Example ILM Policy (JSON):
{
"policy": {
"phases": {
"hot": {
"min_age": "0ms",
"actions": {
"rollover": {
"max_size": "50gb",
"max_age": "30d"
}
}
},
"warm": {
"min_age": "30d",
"actions": {
"forcemerge": {
"max_num_segments": 1
},
"shrink": {
"number_of_shards": 1
},
"allocate": {
"number_of_replicas": 1
}
}
},
"delete": {
"min_age": "365d",
"actions": {
"delete": {}
}
}
}
}
}
Conclusion
Implementing the ELK Stack is a strategic investment in observability. A well-architected logging pipeline moves an organization from a reactive to a proactive operational posture. It enables engineers to not only diagnose failures but also to understand system behavior, optimize performance, and detect security anomalies.
The key takeaways for a successful implementation are:
- Standardize on Beats: Use Beats for data shipping to ensure reliability and low overhead on application hosts.

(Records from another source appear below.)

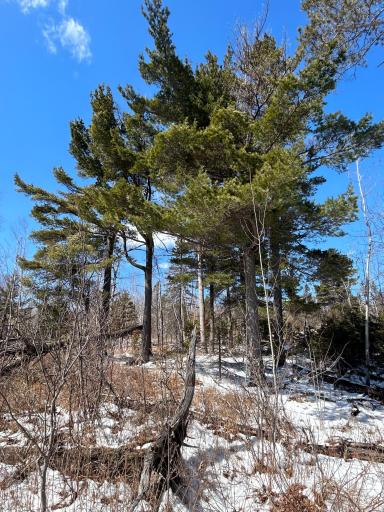 4375 Wood Ridge Drive, Beaver Bay, MN 55601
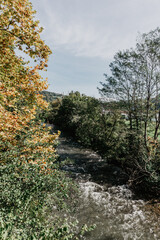 Wild river with trees and plants in the north of Spain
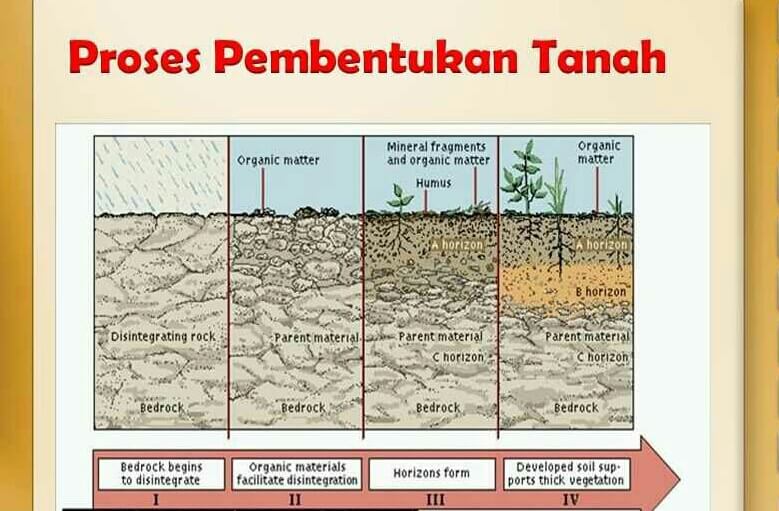 Proses Pembentukan Tanah Faktor dan Jenis Tanah Portal 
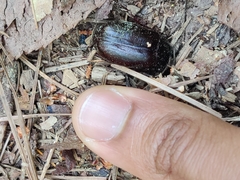 Xyloryctes jamaicensis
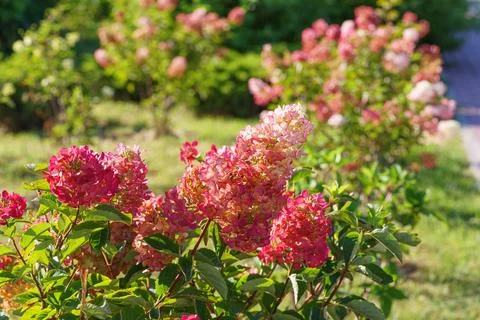 Close up of blooming pink hydrangea paniculata flowers in sunny garden with.. Stock Photos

- Enrich at the Pipeline: Leverage Logstash's filtering capabilities to parse, structure, and enrich data before it reaches Elasticsearch. Structured logs are exponentially more valuable than raw text.
- Architect for Scale: For any non-trivial workload, introduce a message queue like Kafka to decouple your services from the logging pipeline.
- Manage Data Lifecycle: Implement ILM from day one to control storage costs and maintain cluster performance.
By following these principles, you can build a centralized logging system that serves as the bedrock of your observability strategy, providing clear, actionable insights into the most complex distributed systems.